> Exercise materials:
□ □ □ □ □ □ □
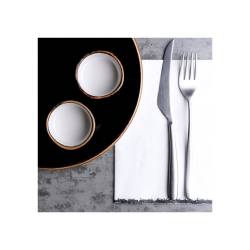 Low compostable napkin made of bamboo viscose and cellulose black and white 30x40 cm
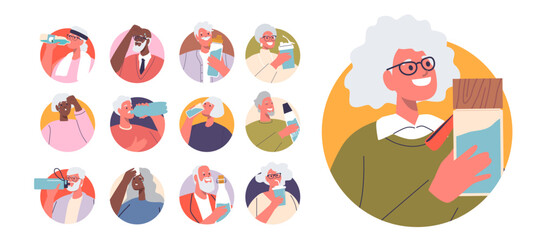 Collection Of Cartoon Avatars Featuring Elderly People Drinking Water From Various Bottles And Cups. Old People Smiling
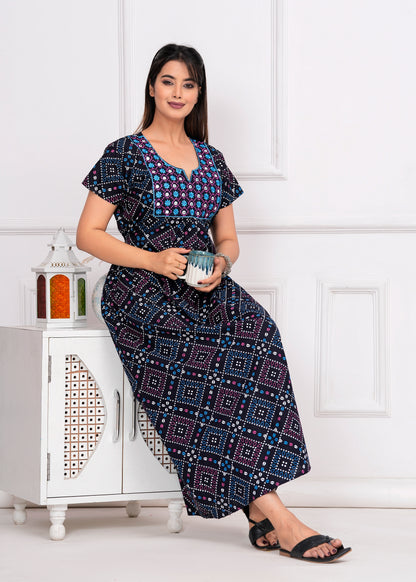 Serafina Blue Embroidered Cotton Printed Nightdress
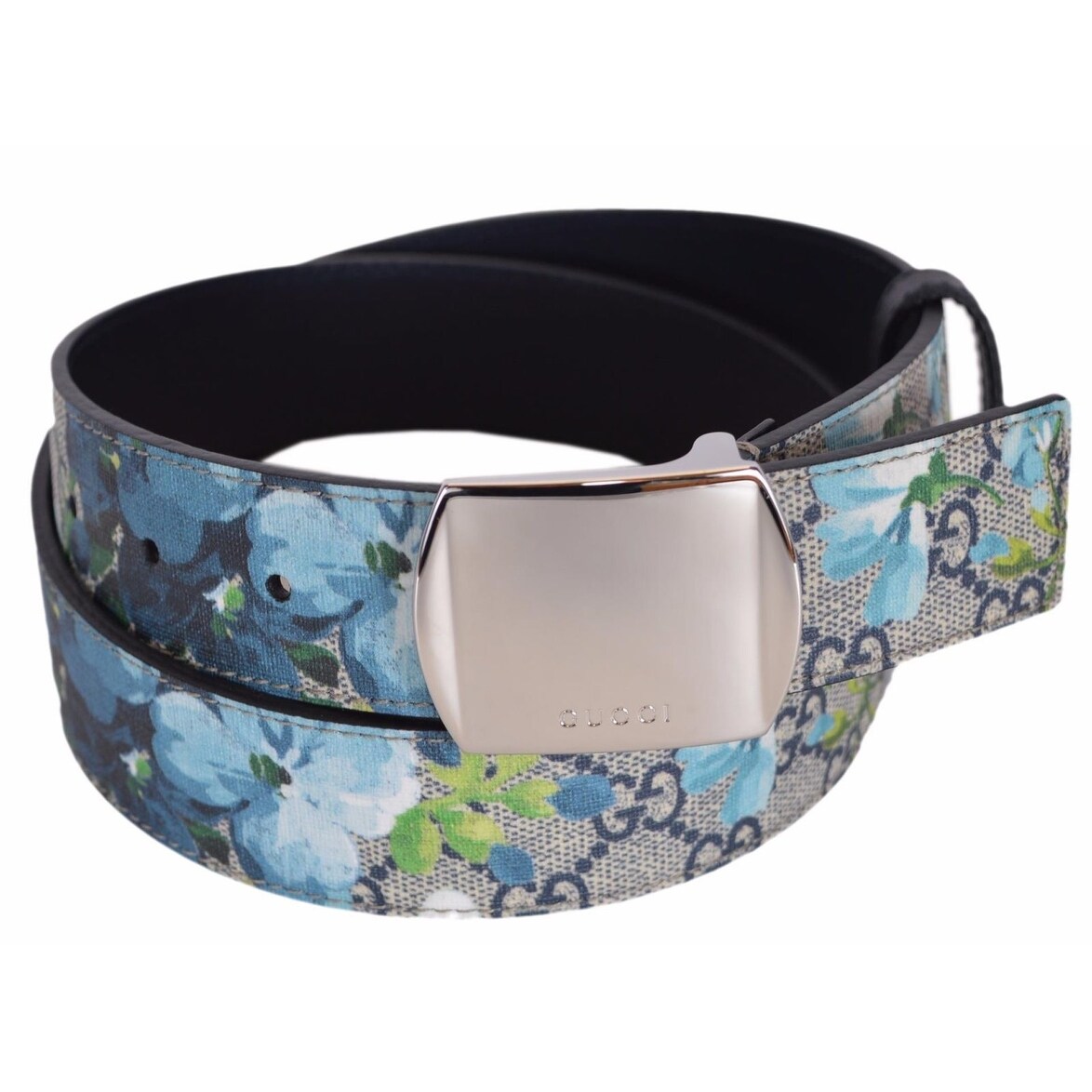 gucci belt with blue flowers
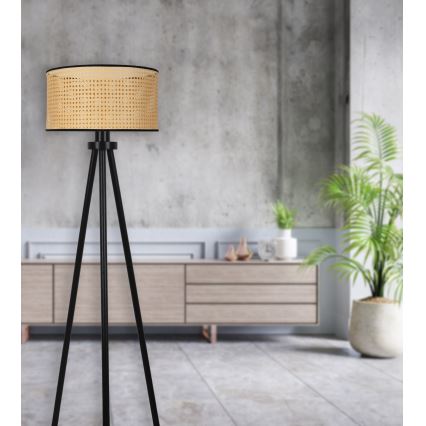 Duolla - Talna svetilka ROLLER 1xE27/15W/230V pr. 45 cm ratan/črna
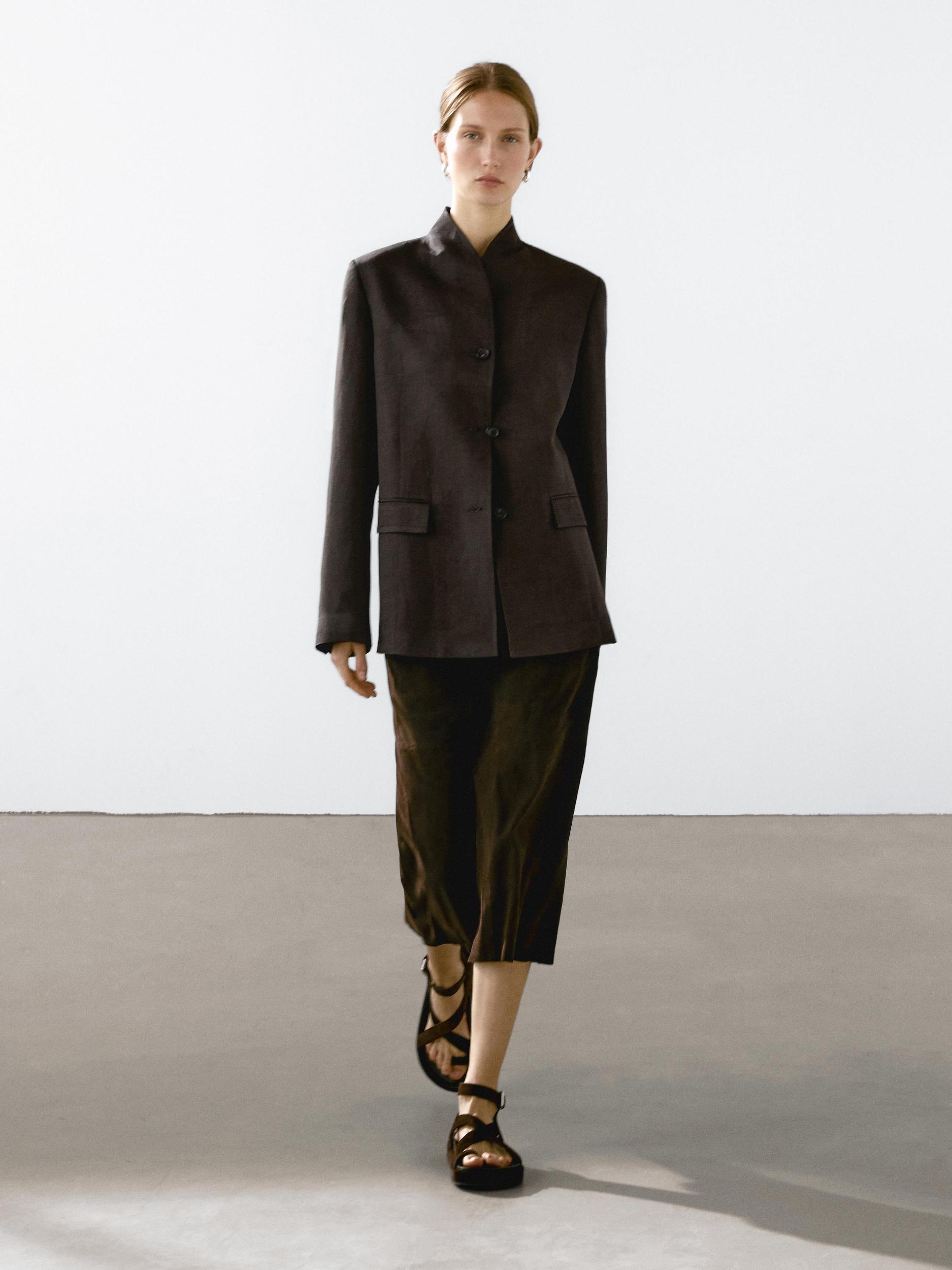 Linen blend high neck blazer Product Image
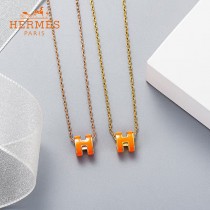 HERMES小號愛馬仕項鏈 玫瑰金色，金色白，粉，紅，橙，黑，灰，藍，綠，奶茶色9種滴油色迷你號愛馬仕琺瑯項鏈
□ □ □ □ □ □ □
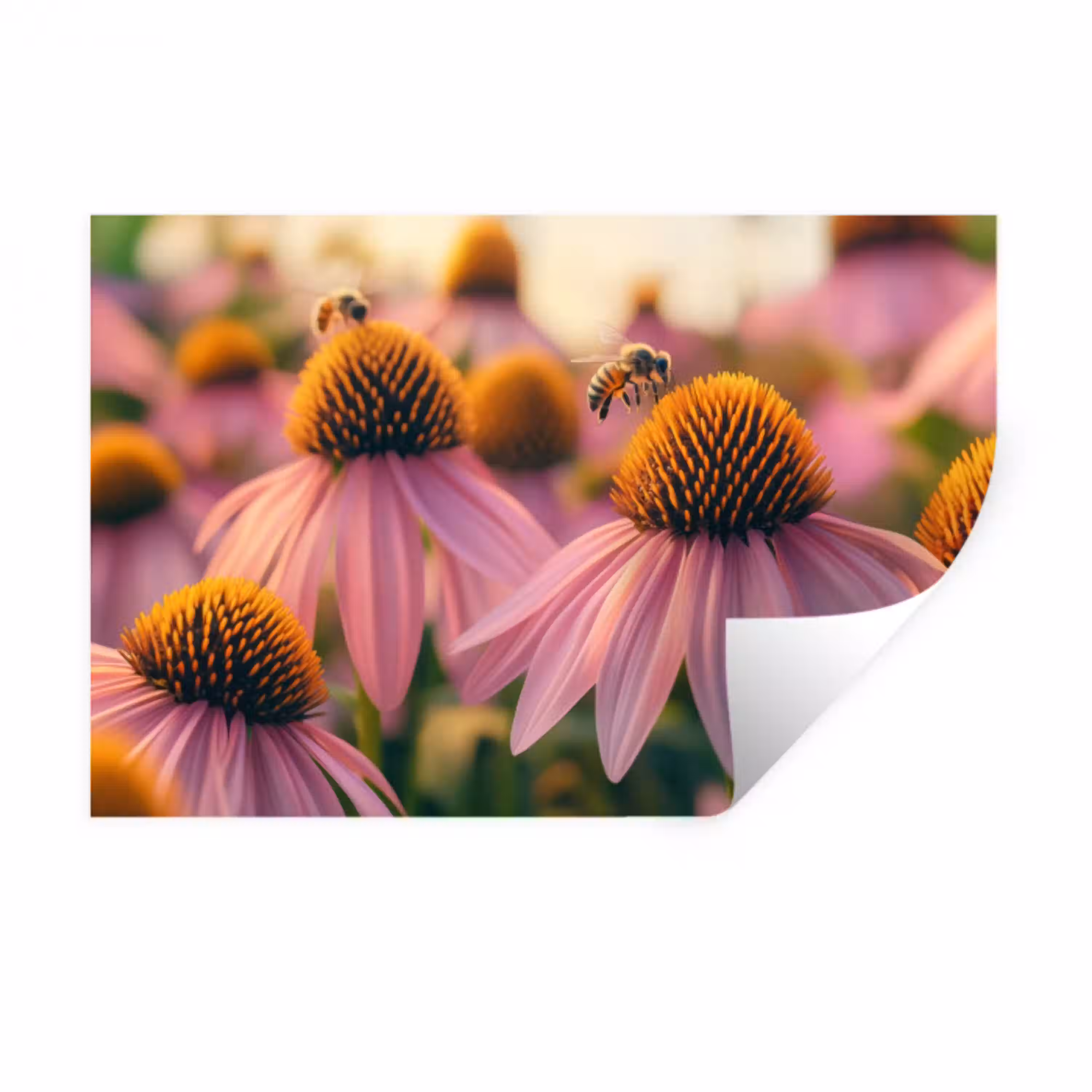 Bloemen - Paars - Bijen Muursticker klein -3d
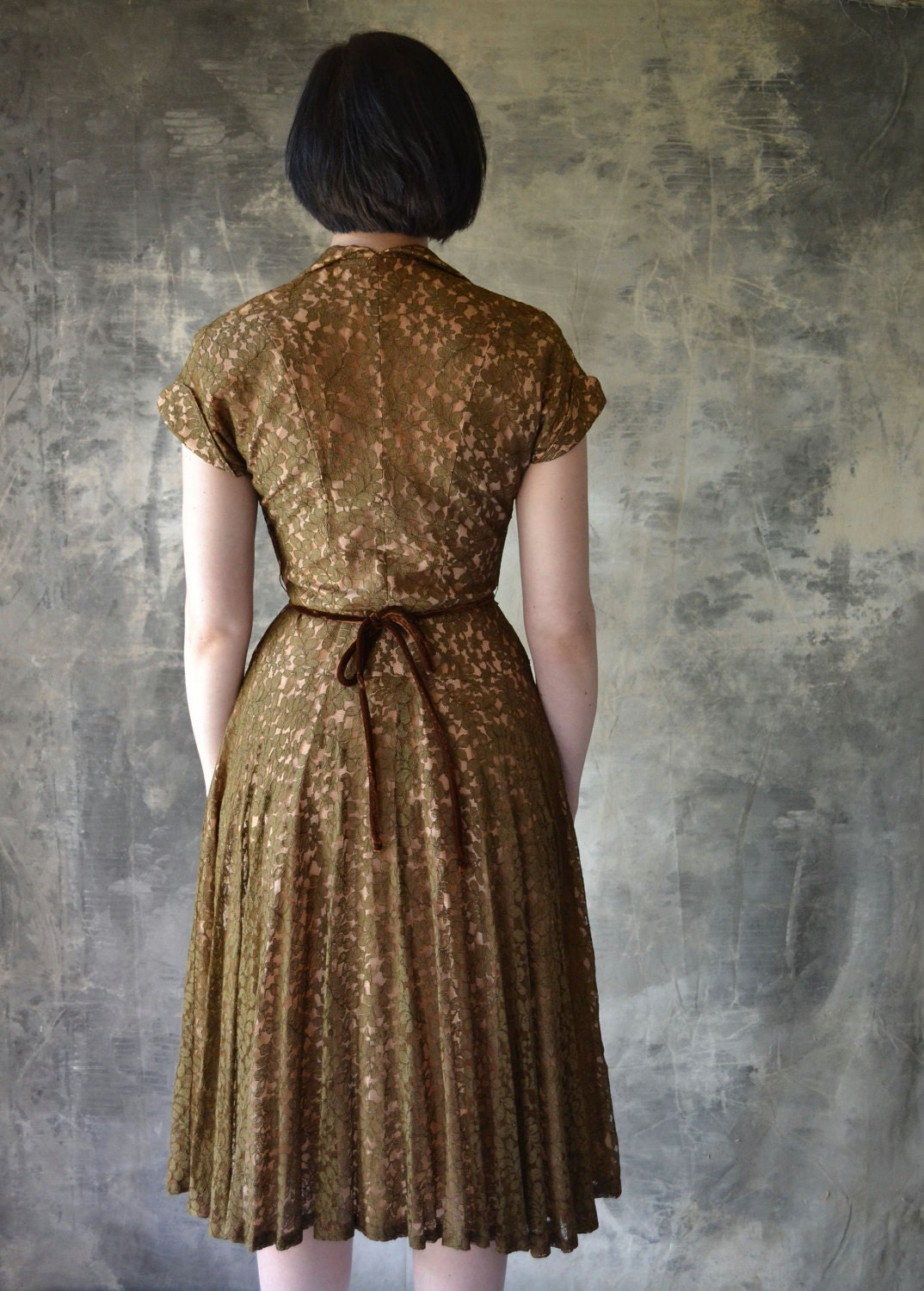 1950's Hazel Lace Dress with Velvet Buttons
□ □ □ □ □ □ □
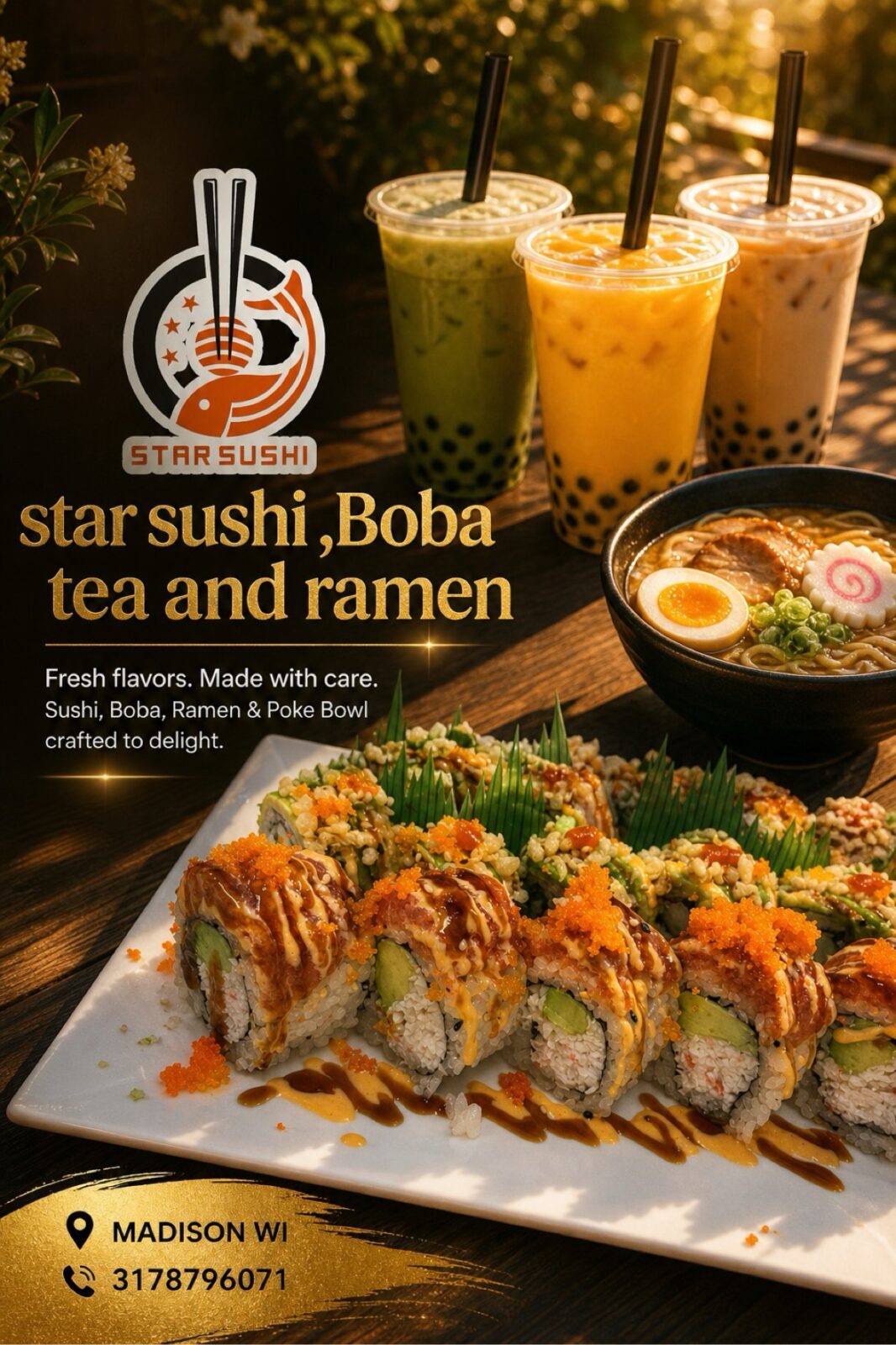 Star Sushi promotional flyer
□ □ □ □ □ □ □
> Problem details:
Write down exactly what the lines above say, from the line holding "Bloemen - Paars" through the line holding "1950's Hazel Lace Dress with Velvet Buttons", and nothing more. Do not copy the pictures.

> Exercise solution:
 Bloemen - Paars - Bijen Muursticker klein -3d
 1950's Hazel Lace Dress with Velvet Buttons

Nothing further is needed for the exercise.